EL nacionalismo -lo mismo que el amor- es una alteración afectiva que es imposible controlar en términos racionales, de la misma forma que es imposible que dos ramas de una misma familia se pongan de acuerdo cuando están disputándose la herencia de la tía soltera que se murió sin hacer testamento. Nuestros afectos -igual que nuestras lealtades y nuestros prejuicios- son emociones que escapan a cualquier control intelectual. Si alguien está enamorado, es imposible convencerlo de que la persona que ama es en realidad un monstruo egoísta que lo va a hacer infeliz. Y si alguien es un forofo del Real Madrid desde que era niño, es imposible -o cuando menos bastante improbable- que un día se despierte cantando el himno del Barça con la mano en el corazón. Hay cosas en las que creemos con una fe ciega, de la misma forma que unos creen en el dogma de la Inmaculada Concepción y otros creen en la existencia de vida inteligente más allá de la Vía Láctea.

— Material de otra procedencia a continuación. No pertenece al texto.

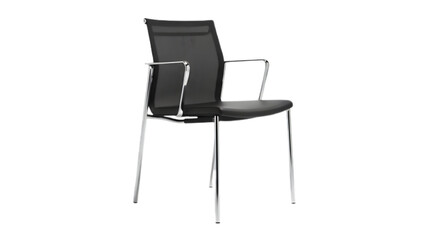Fototapeta premium Modern black office chair with armrests isolated on transparent background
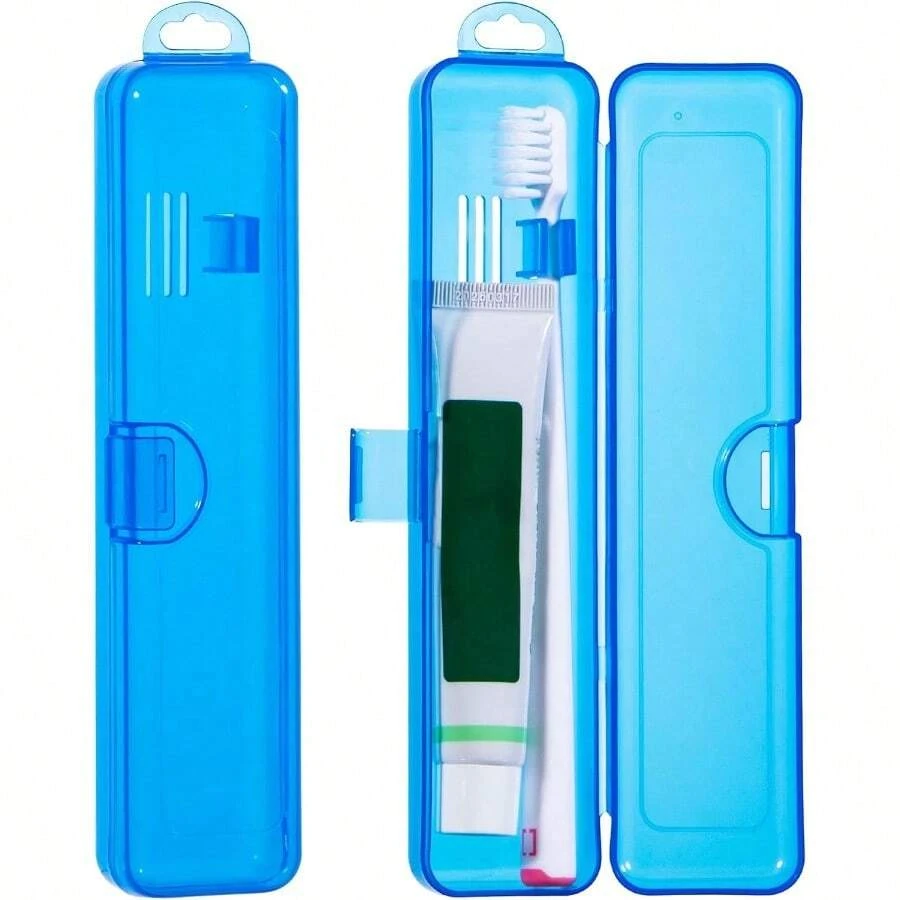 TYUI Toothbrush Travel Case 2 Pack Clear Dark Blue Toothbrush Case HolderTravel Size Plastic Toothbrush Holder Toothpaste Storage Container Portable For Traveling 7.87 X 1.85 X 1.18 - 清澈深藍 - 查看 1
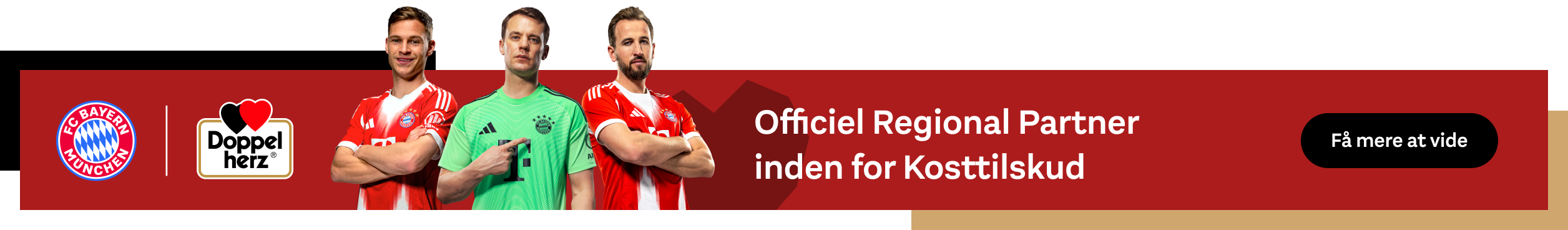 I forgrunden vises tre spillere fra FC Bayern. Ved siden af dem ses logoerne for FC Bayern München og Doppelherz samt teksten: "Officiel regional partner inden for kosttilskud". En sort knap har teksten "Få mere at vide".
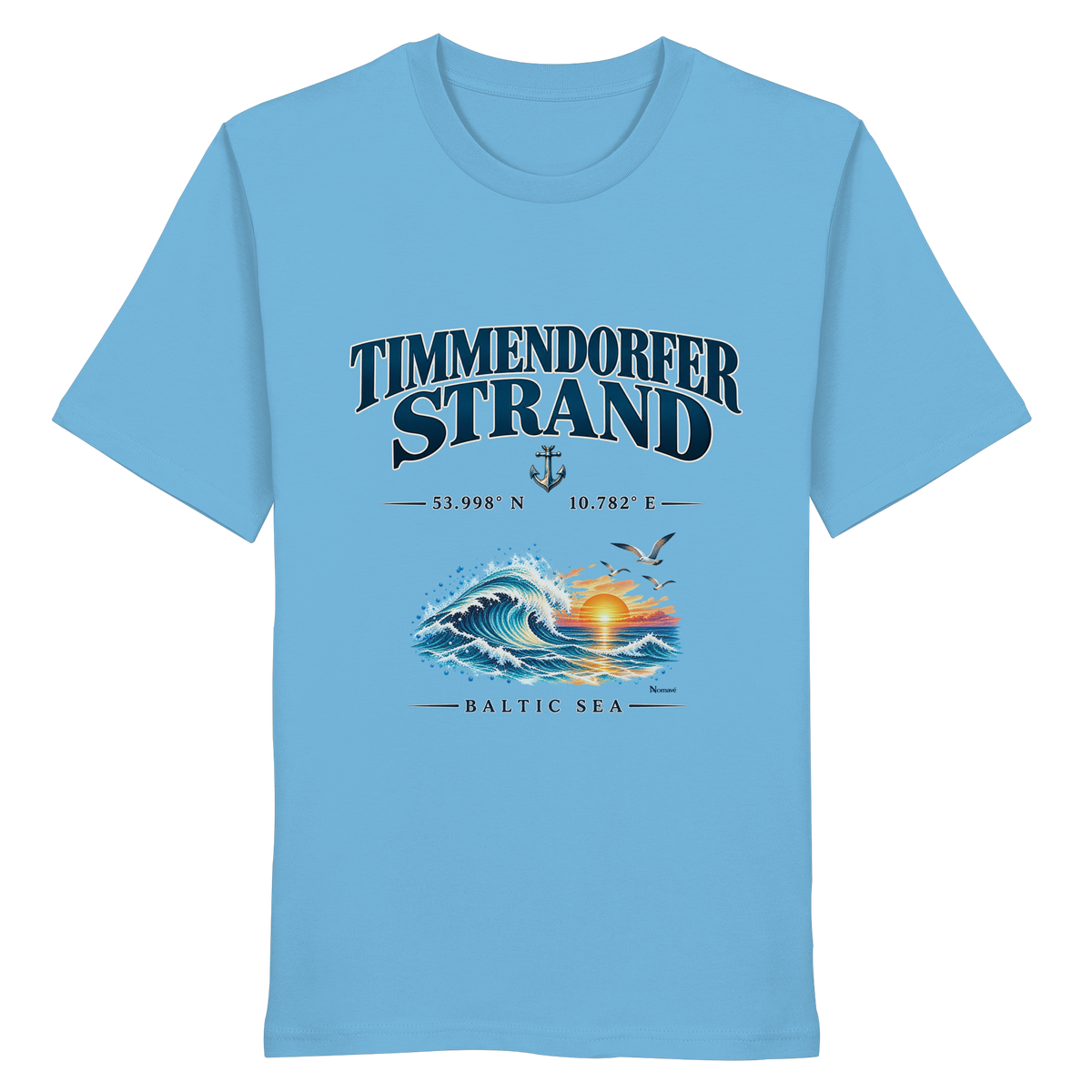 Original-Mockup 10: Unisex Bio-T-Shirt in Aqua Blue mit Timmendorfer Strand – Baltic Sea Frontprint.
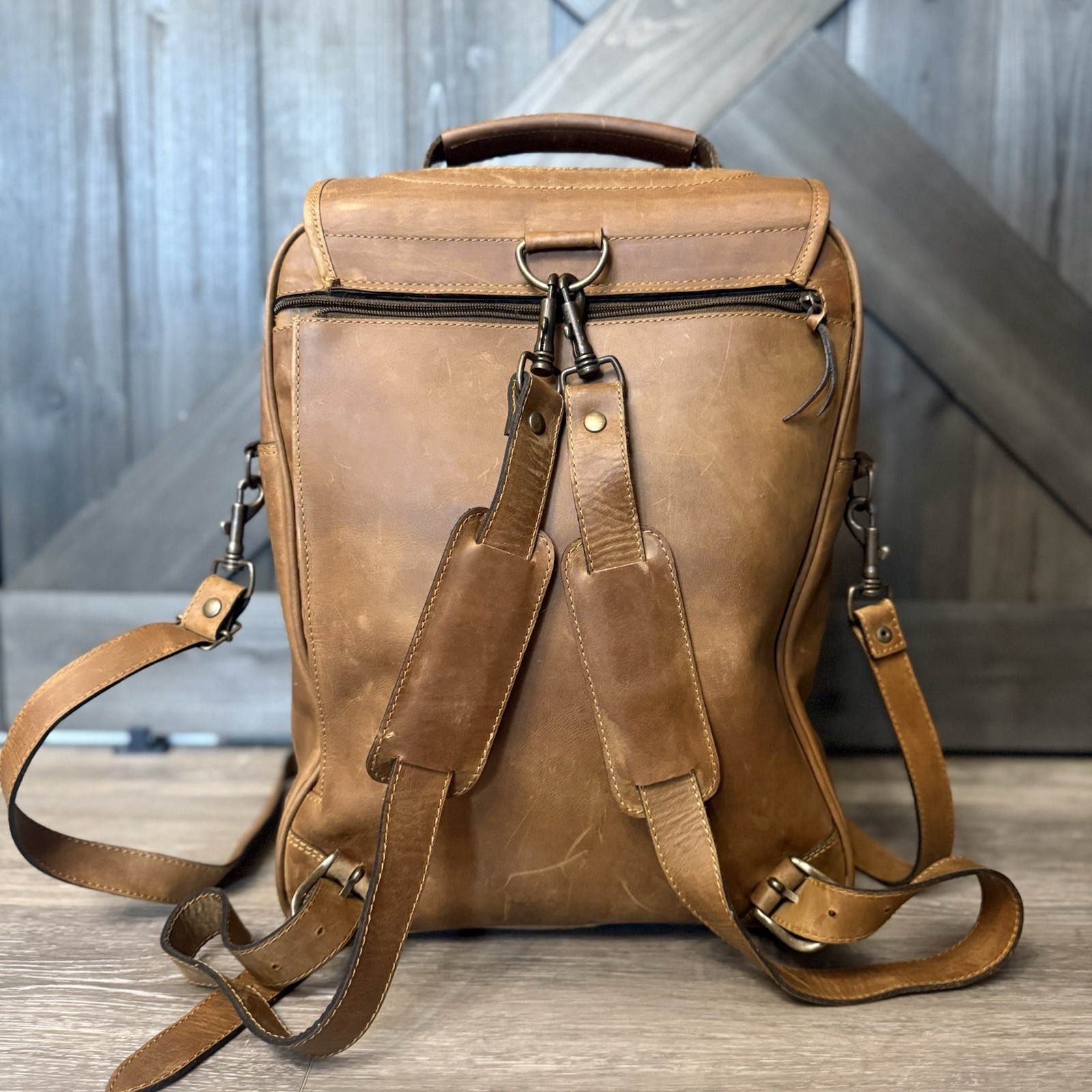 Leather Backpack 3-in-1 Brown Spanish Laptop Bag Briefcase Travel Café Leather
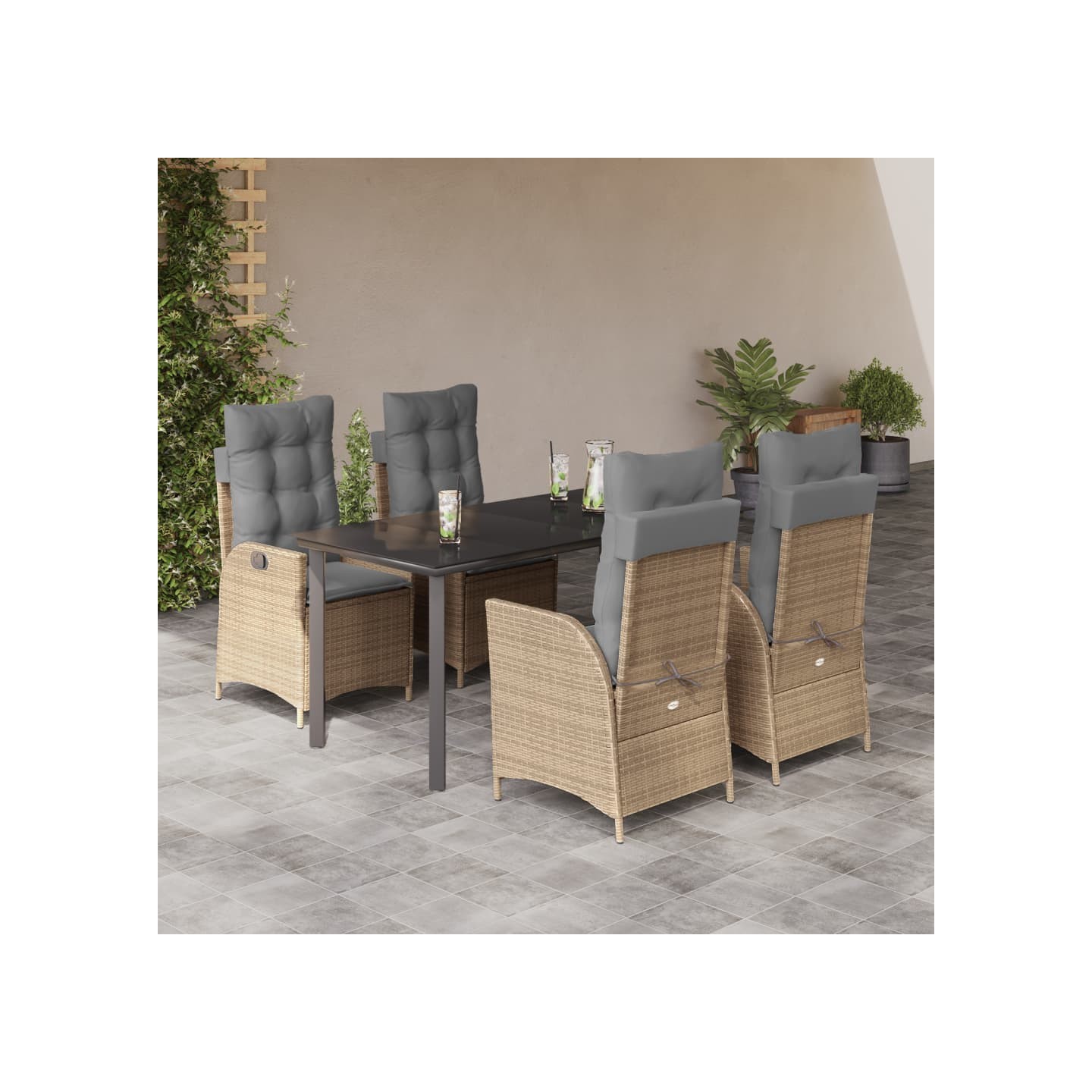 Ensemble à manger de jardin avec coussins 5pcs Beige poly rotin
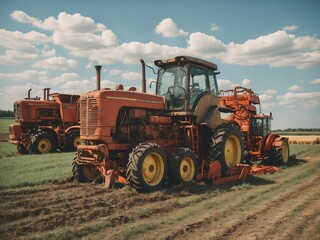 combine harvester working on the field. Generative wtih AI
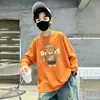 Camiseta de manga comprida para meninos, roupa infantil de primavera e outono, novo modelo 2026, camiseta base 100% algodão puro, top moderno para crianças mais velhas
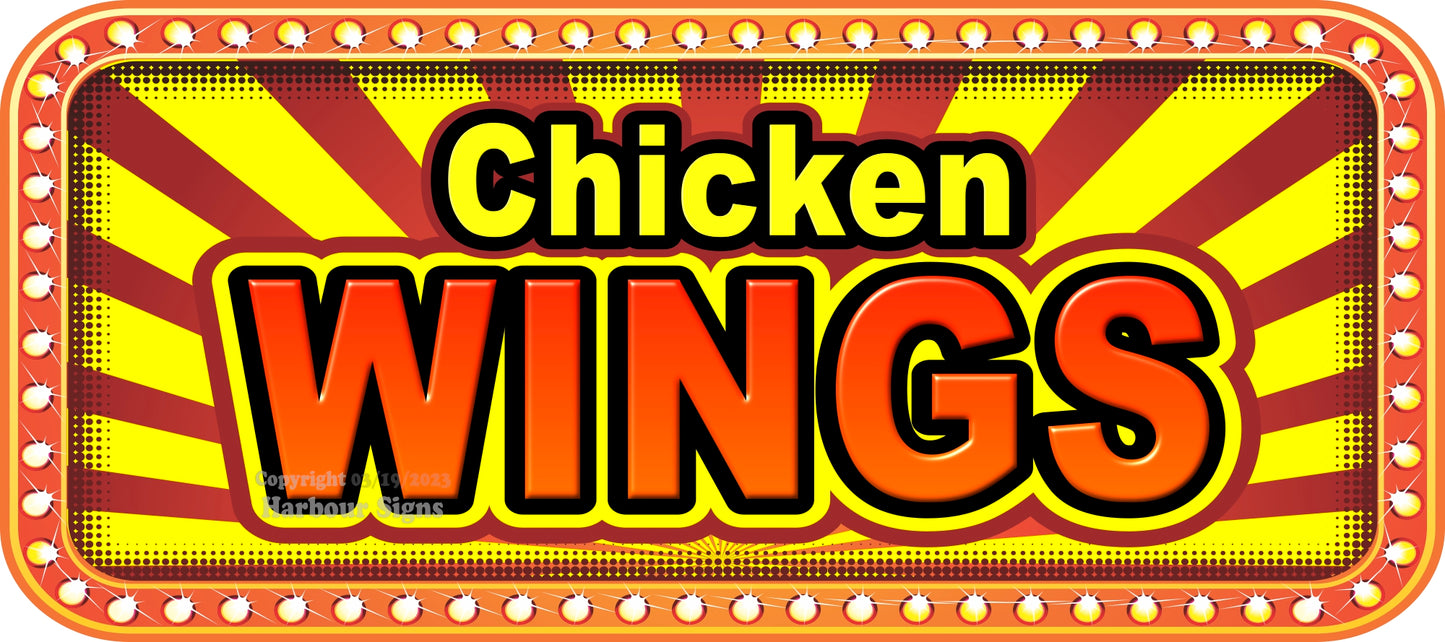 Chicken Wings Decal Food Truck Concession Vinyl Sticker lp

Lo digo porque nunca va a ser posible poner de acuerdo a los partidarios y a los detractores del referéndum que piensa llevar a cabo Juan José Ibarretxe, ese político vasco que tiene la cara -y tal vez la mente- de un general de las guerras carlistas, si hemos de juzgar por los retratos que nos han llegado de aquella época. Y es así porque ese referéndum se basa en la falacia, aceptada por miles y miles de personas como una verdad incuestionable, de que el pueblo vasco tiene "derecho a construir su propia identidad".

Pues no. Nadie tiene derecho a construir su propia identidad, por la sencilla razón de que la identidad es un proceso fluctuante que no queda fijado hasta la hora de la muerte, y ni siquiera de una forma inamovible. El nombre y los datos administrativos no nos bastan para constituir una identidad. Cualquiera puede cambiar de nombre, huir al otro extremo del mundo, hacerse la cirugía estética o incluso cambiar de sexo y de religión y de forma de vida. La identidad, además, no es un proceso que pueda llevarse a cabo de forma deliberada, de acuerdo con el proyecto que nos hemos trazado: "Yo seré rubio y alto y guapo y algún día conquistaré a la mujer más bella del mundo y acumularé una fortuna de quince mil millones de euros". Bueno, quizá sí, pero convengamos que es un hecho bastante dudoso. Somos lo que somos, pero también lo que la vida hace con nosotros y lo que nosotros hacemos con la vida. La persona que somos no es la misma que fuimos en la niñez ni en la juventud. Las ideas de un adulto no son las mismas que tuvimos en la juventud o que tendremos en la vejez. Y si esto es así con los individuos, ¿cómo se podrá construir la identidad de un pueblo de dos millones y medio de personas?

Ya sé que no voy a convencer a ningún partidario de Ibarretxe, pero ahí queda dicho.